# How many solutions are there in the following equation over the natural numbers if $x_1+x_2+x_3>x_4+x_5+x_6+x_7$

How many solutions are there in the following equation over the natural numbers such that $$x_1+x_2+x_3+x_4+x_5+x_6+x_7=30$$ if $$x_1+x_2+x_3>x_4+x_5+x_6+x_7$$ ?

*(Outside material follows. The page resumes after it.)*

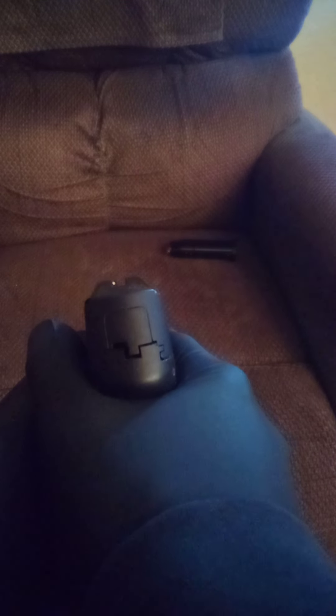I haven't shot it in a while because I haven't been shooting in a while, but you can kind of see your sights — you got a white dot. The upgrade for this is the Toro slide. Mine was the older one with the Bomar-style sights. I do like these Glock sights a little better.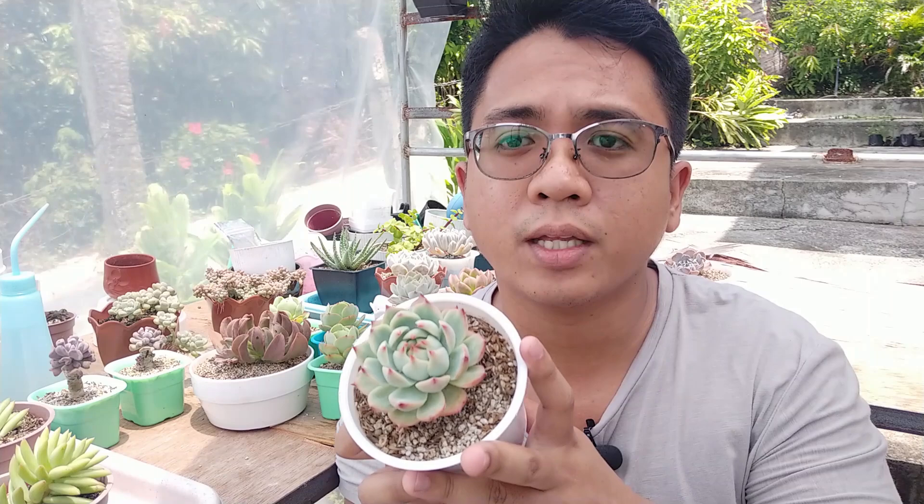If the plant is stressed and very thick it will not produce a lot of growth. But if you consistently give it water even before it's very thirsty, especially when it's getting a lot of sun, it can produce more growth consistently. You can see this one already has a lot more leaves than when I first got it. You'll know it's producing new leaves when the center of the rosette is filling up.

I made up a combinatorics question in my mind , but i stuck in it. What i tried is :

Firstly , i wanted to use symmetry property but , it has odd number of variables . Hence ,i could not do anything.

Secondly , i thought about whether generating functions can be used or not , but i stuck in writing the desired generating formula for it.

So , i hope to find nice approaches to my question.

$$NOTE=$$Natural numbers start with zero.

• @BrianMScott last line implies that $0\in\mathbb N$. Mar 13, 2021 at 21:09

Using stars and bars you can write the number of solution as $$\sum_{i=0}^{14}\binom{i+3}3\binom {30-i+2}2,$$ where the first factor counts the number of solutions to the equation $$x_4+x_5+x_6+x_7=i$$ and the second one those of $$x_1+x_2+x_3=30-i$$.